By the way, to my earlier point, this in simmons mailbag today....
Q: In a few of your July 21 tweets you tweeted how the Celts could trade Rondo and a few other pieces for CP3 and possibly Emeka Okafor. My question is: Are you on drugs? The reason New Orleans would jump on that is because they know (and so does everyone else who has sense) that Paul is the fourth-best point guard in the league, behind Deron Williams (No. 3), Rondo (No. 2), and LeBron (No. 1), assuming of course that LBJ does in fact slide into the Magic Johnson-esque point-forward role.
-- Steven, Jupiter, Fla.
SG: Apparently I was on drugs: In a rare error for the Picasso of the Trade Machine (I blame a bad batch of coffee), I forgot that Rondo was a base-year compensation guy thanks to last season's extension, making it impossible cap-wise for Boston to deal him without a third team getting involved. And we all know menage-a-trades never work in the NBA. I do think Boston would have considered it because of what happened in the 2010 Finals (when Kobe played eight feet off Rondo in Game 7 and grabbed 15 rebounds because of it), because of Paul's brilliance in 2008 and 2009 (when he slapped together the best back-to-back statistical seasons by any point guard since Oscar Robertson), and because Paul would solve their crunch-time woes. We'll never know, though.
One more note: New Orleans can't trade Paul unless it dumps Okafor's contract (four years and $52 million remaining) and maybe even every other bad contract it has (one year of Peja Stojakovic for $14.3 million; two years of James Posey for $13 million). That rules out every suitor except Oklahoma City (this trade plus two No. 1 picks, which hinges on Paul agreeing to play for another small-market team); Orlando (who couldn't give New Orleans a blue-chipper, but could take back every bad contract with this trade); Portland (this trade plus picks, money and Greg Oden's cell phone); Houston (this trade plus New York's pick in 2011 or 2012 and $3 million, with the caveat that New Orleans buys out Yao and he re-signs with Houston); Dallas (two deals: Tyson Chandler for Okafor and $3 million, then this deal with Dallas throwing in another $3 million); and New York (this trade plus $3 million).

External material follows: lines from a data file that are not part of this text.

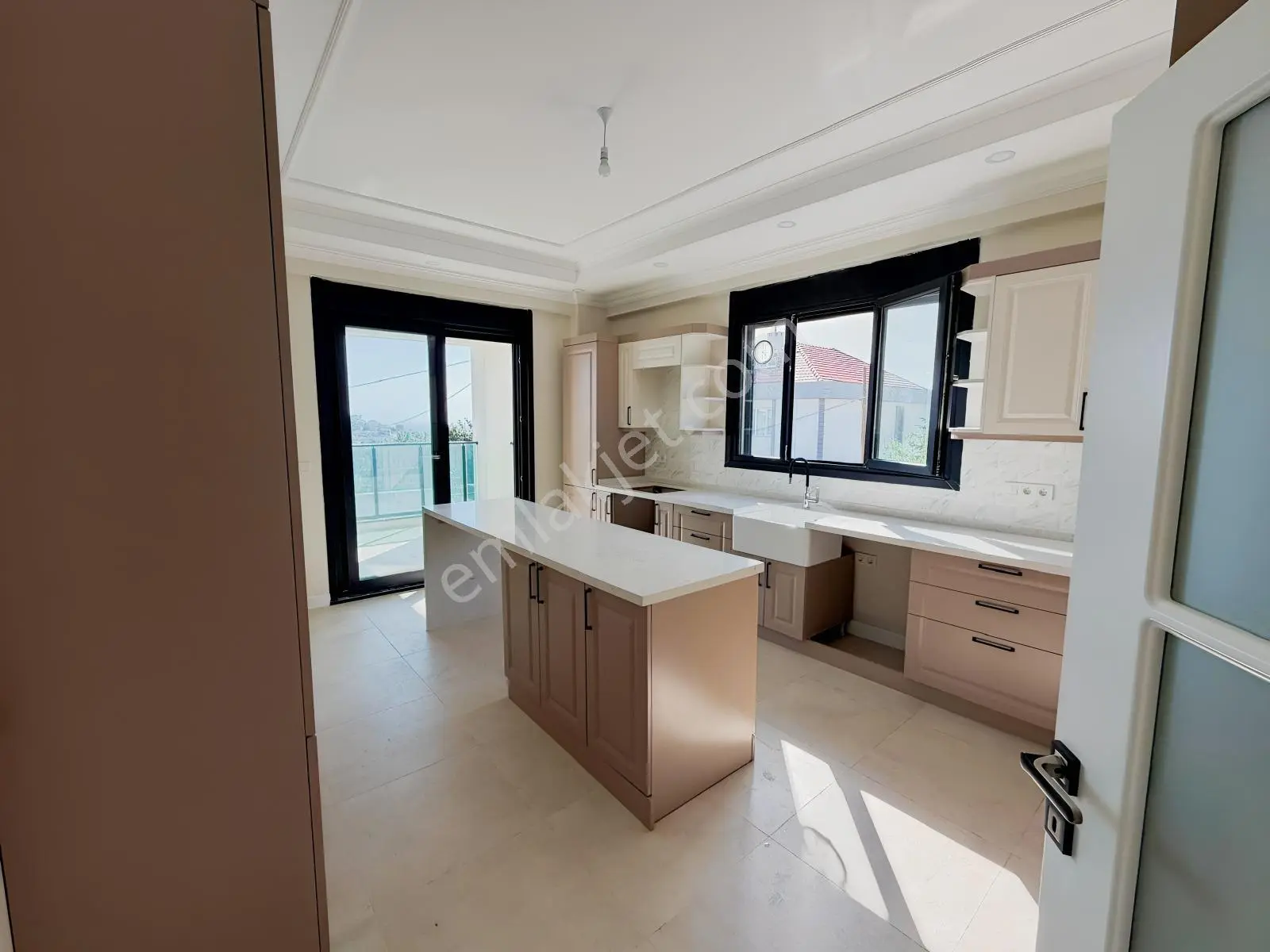 Büyükçekmece Deniz Manzaralı, Otoparklı, Bahçeli Lüks Villa — fotoğraf 31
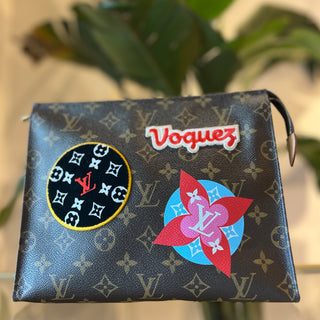LOUIS VUITTON Toiletry 26 Monogram World Tour Coated Canvas Pouch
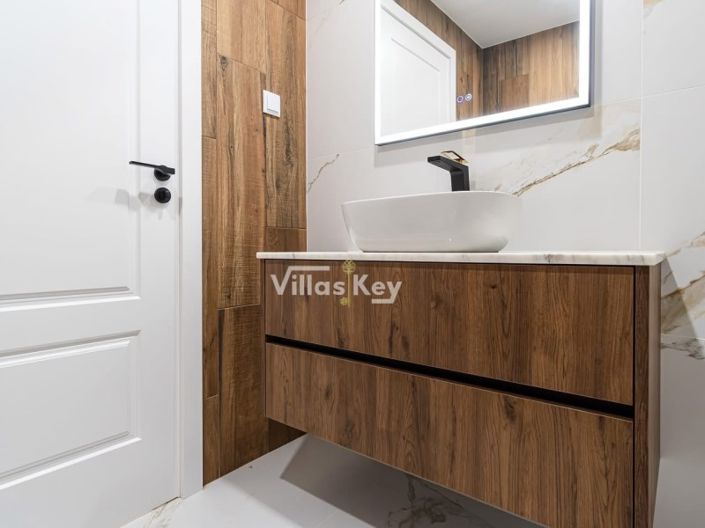 Image No.17-2 Bed Apartment for sale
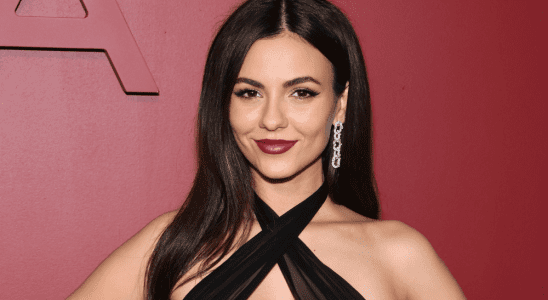 Victoria Justice a tourné la « toute première scène de sexe » le premier jour du tournage du nouveau film et a pensé : « Vraiment ?  On va programmer ça pour le premier jour ?'  Les plus populaires À lire absolument Inscrivez-vous aux newsletters variées Plus de nos marques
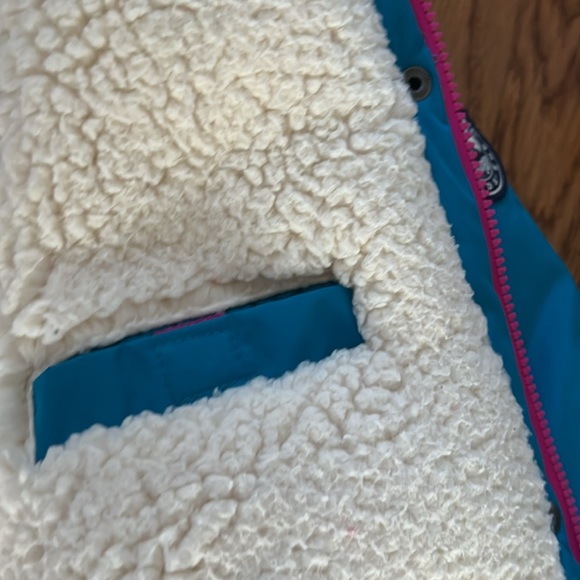 Like New Warm Lands End Coat - Picture 11 of 12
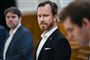 Jakob Ellemann-Jensen i jakke og hvid skjorte står og kigger 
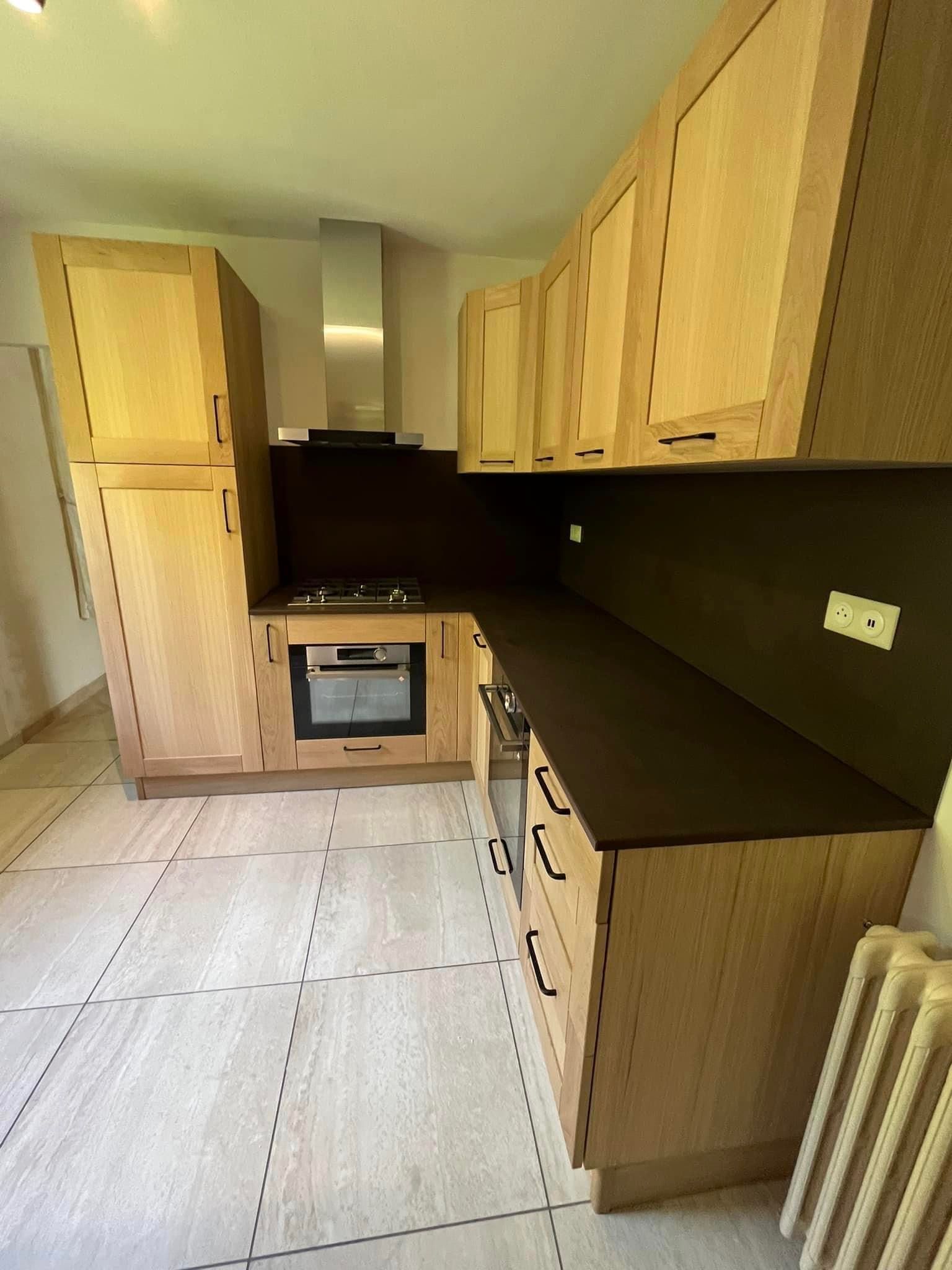 Cuisine équipée avec des meubles aux fines poignées noires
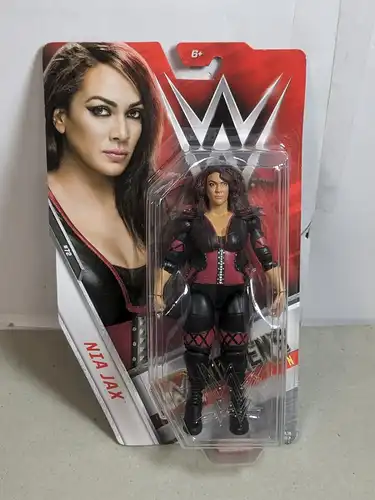 WWE   Nia Jax 16cm Mattel DXF96   K27 B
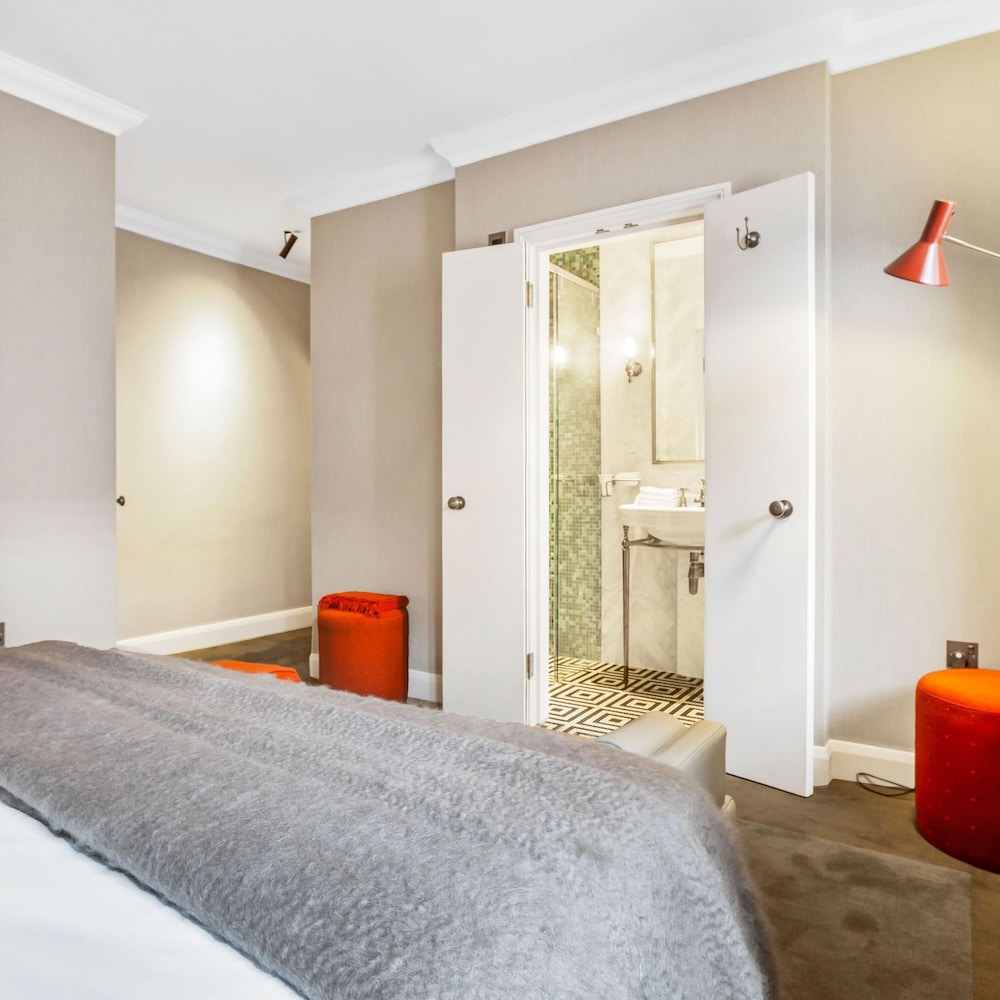 Knightsbridge 3-bed 2-bath by Harrods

So if they're really trading him -- and by the way, he wanted out five weeks ago -- we're about to find out what's important to Mr. Paul. If he wants to win titles, he pushes for Oklahoma City or Orlando. If he wants to be famous in a big market, play D'Antoni Ball and throw alley-oops to Amare Stoudemire as MSG goes bonkers, he pushes for New York. Either way, I think he's gone.
(Note: That sudden silence you hear is five million Knicks fans being unable to breathe.)